We got off at Table Rock, near the Horseshoe Falls, and I snagged a couple more pics:





...and then it was time to take yet another WEGO bus up Clifton Hill to the car. I was ever so thankful  we had the pass by this point. Clifton Hill is STEEP.

Then the most difficult part of the whole day: getting out of the parking lot. Gertie wanted us to go left. That was a flat impossibility: what with two lanes of bumper to bumper traffic, turning right was just as difficult. We were frozen in place for about fifteen minutes and yes, the frustration was starting to mount. But then we got out, and got maneuvered around and homeward bound, and relaxed.
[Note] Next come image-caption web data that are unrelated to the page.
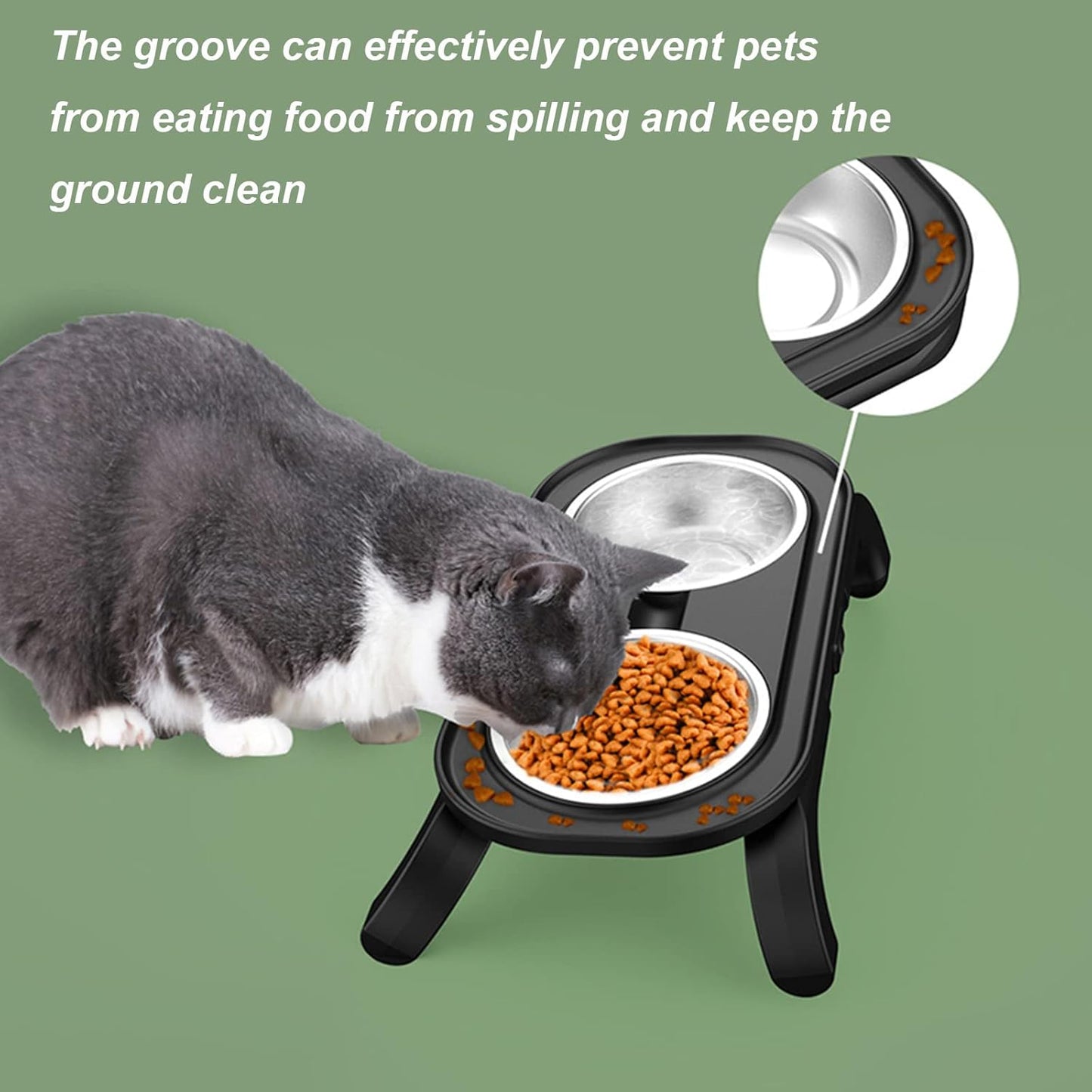 Elevated Dog Bowls, Raised Cat Bowl Stand Feeder with 3 Adjustable Heights, Durable Dog Food Bowl with 2 Stainless Steel Food and Water Bowls for Pets Puppy Medium Dogs Cats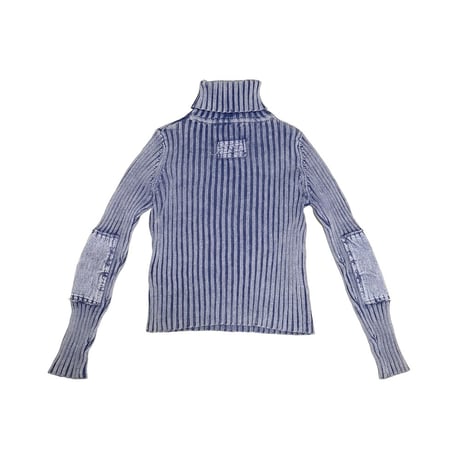 【USED】00's Indigo Ribbed Turtleneck Knit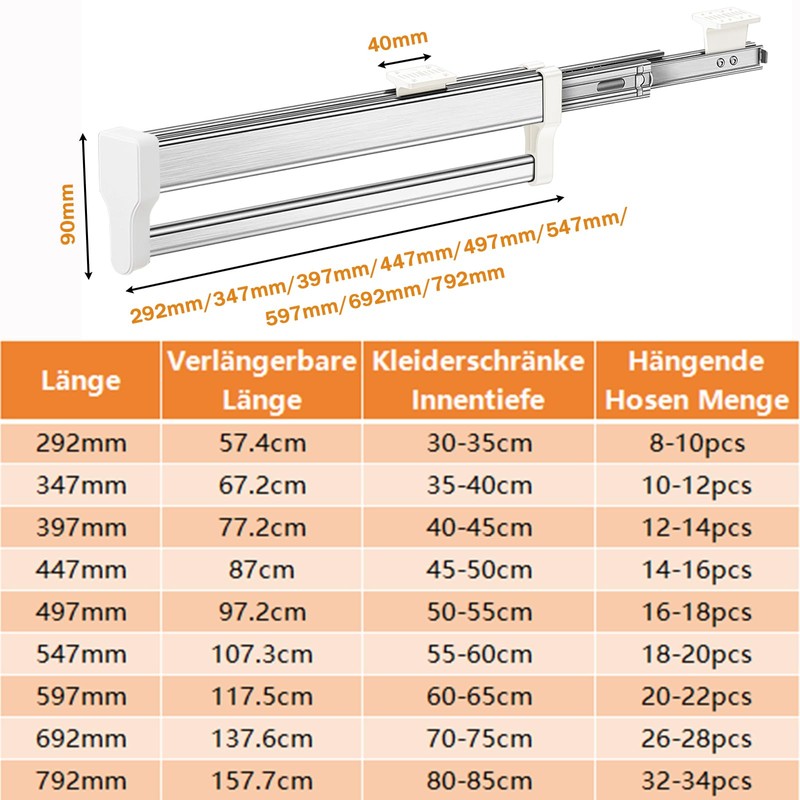 Extendable Telescopic Wardrobe Rail 292 mm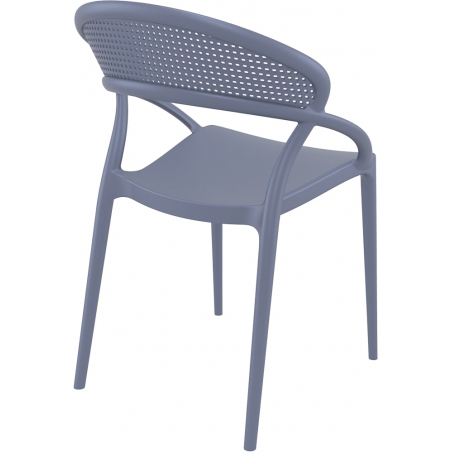 Krzesło plastikowe z podłokietnikami Sunset Ciemno szare Siesta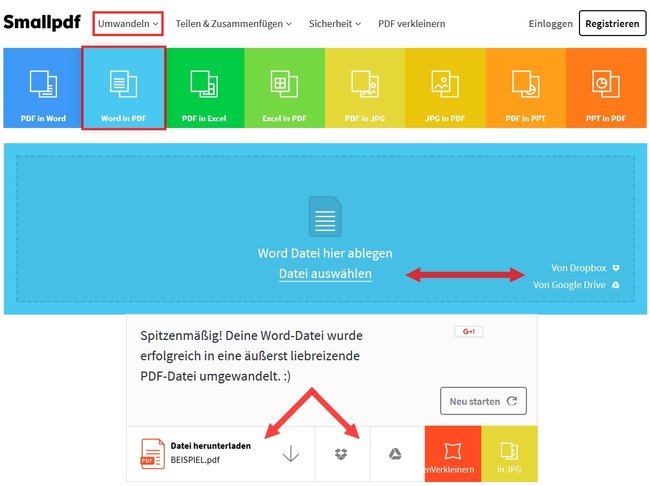 Datei in PDF umwandeln Browser smallpdf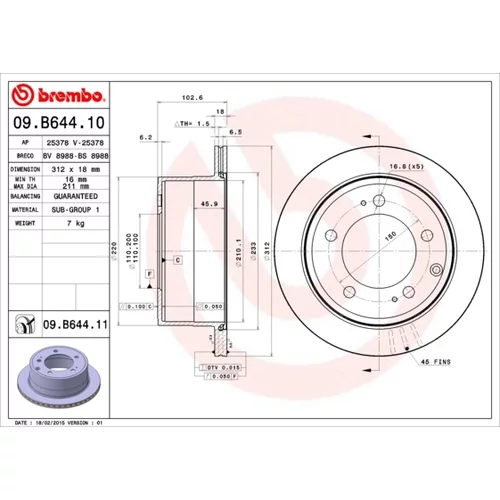 Brzdový kotúč BREMBO 09.B644.11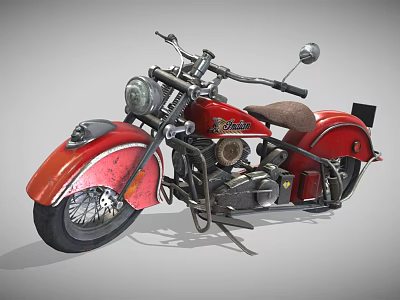 Vintage Red Motorcycle With Brown Seat Chrome Headlight And Classic Body Design 3d model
One more stop, at a Viet-Thai place in Fonthill called Pho Day Bo, or in English, "Pho Real". She'd never had any of this cuisine before; Nicole had introduced it to me years ago and it's filling, cheap and delicious. And so it was.

This place had durian milkshakes.

I had to.

I've been hearing about durian for about thirty years. How popular it is. How delicious it is. And mostly, how it smells like an old sweaty gym sock garnished with onion. Over and over I heard that if you could get past the smell, it tasted incredible. But I'd never even seen one for sale anywhere. So I had to.

Honestly? Take out that onion aftertaste, which got stronger as I went along, and it really was delicious. (Kathy vehemently disagrees). I found it unlike anything I'd ever tasted, even without that more-than-a-hint of onion. Sweet pineapple/avocado/coconut/just a touch of berry. But then onion. Nobody expects an onion milkshake.
Still, I'm glad I tried this. I don't think too many people on this side of the planet can say they have.

We got back to Kathy's  without any fuss at 9:00 on the dot last night. She took me home this morning just in time for work.

Hon, I had an incredible time. Thank you for...absolutely everything. And congratulations on conquering your fear. I love you.